Jack Chittick stands on his front lawn in Sun City, a retirement community in Roseville built by Del Webb. Instead of carpool lanes, Sun City has lanes for golf carts. Chittick, an 84-year-old retiree who was a top executive at the Pirelli Tire Company, points to the hardcore Republicans who walk past his house to the golf course across the street. “I like the cleanliness of this place,” he says, “the golf course, the big homes, the shopping areas and the good hospitals.”

He doesn’t think McClintock represents the average person in the district and wants a congressperson who can make the tax structure fair for the middle class. Reflecting on his life, he admits he got “carried away” with his career as a corporate manager and the values that came with it. “I had achieved everything by myself,” he once believed, “so why couldn’t everyone?” But he had a change of heart when his wife started working with the homeless, and pointed out to him that the challenges they face were enormous.

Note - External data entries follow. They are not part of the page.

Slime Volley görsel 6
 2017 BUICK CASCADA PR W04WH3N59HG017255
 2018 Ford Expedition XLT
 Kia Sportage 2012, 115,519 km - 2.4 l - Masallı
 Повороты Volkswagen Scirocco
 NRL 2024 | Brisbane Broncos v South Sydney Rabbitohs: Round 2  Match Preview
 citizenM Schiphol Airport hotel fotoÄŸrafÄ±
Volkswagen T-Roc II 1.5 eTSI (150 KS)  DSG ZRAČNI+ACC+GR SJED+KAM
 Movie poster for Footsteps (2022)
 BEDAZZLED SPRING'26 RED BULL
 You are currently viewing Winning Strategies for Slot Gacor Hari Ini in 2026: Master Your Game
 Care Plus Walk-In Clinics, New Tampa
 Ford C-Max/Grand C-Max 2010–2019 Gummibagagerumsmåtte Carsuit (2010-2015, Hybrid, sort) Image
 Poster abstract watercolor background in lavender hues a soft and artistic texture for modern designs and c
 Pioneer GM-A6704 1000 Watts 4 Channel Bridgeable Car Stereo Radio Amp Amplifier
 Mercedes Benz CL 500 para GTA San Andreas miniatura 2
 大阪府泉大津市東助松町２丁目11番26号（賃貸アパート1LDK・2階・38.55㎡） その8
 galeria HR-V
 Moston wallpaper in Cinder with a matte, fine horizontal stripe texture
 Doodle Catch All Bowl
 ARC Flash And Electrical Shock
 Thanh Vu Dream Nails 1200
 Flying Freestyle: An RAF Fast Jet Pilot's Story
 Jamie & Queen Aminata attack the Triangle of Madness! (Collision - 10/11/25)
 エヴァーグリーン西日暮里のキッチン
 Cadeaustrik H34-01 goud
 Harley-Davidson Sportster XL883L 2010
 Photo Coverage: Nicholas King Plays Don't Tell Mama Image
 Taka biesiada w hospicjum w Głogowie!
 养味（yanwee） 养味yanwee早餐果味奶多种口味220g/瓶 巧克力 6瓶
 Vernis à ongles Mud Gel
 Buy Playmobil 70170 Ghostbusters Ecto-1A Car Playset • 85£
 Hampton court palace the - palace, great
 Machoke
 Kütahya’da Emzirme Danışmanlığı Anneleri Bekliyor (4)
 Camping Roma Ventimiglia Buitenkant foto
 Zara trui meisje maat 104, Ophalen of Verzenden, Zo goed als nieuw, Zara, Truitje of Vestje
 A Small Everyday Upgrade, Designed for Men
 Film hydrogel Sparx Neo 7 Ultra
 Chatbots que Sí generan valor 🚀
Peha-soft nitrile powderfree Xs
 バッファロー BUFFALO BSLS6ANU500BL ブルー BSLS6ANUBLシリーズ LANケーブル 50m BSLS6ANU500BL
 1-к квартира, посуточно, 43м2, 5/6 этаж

“Democrats have a 50-50 chance,” he says, handicapping the race. “Men have screwed it up a bit, let’s put some smart ladies in there,” he adds, referring to Morse and Bateson. “I’m sure they couldn’t do worse, and they could do a lot better.”

Bob Toste is another Roseville retiree and former Republican, who “bought into the trickle down theory” before it registered with him that birth determines economic class more than any other factor. He is careful about who he talks to about politics in his neighborhood, especially on immigration issues. Toste wants someone who is sympathetic to the undocumented immigrant students called Dreamers and is angered by McClintock’s vote to repeal Obamacare. “I have good health insurance, having retired from a utility. But health insurance for our nation is very important for me. And trying to go back on that right now is horrendous,” he said.

If the Republican National Committee and its well-funded conservative political action committees pour money into CA-4 after the June primary to shore up McClintock, it will be an indication that the party brand is in deep trouble.

Come November here, Barbara Bush’s billboard admonition might come to pass. Sun City retiree Jack Chittick also wants voters to believe in something bigger than themselves – a change of political heart in District 4.


Video and images by Kelly Candaele.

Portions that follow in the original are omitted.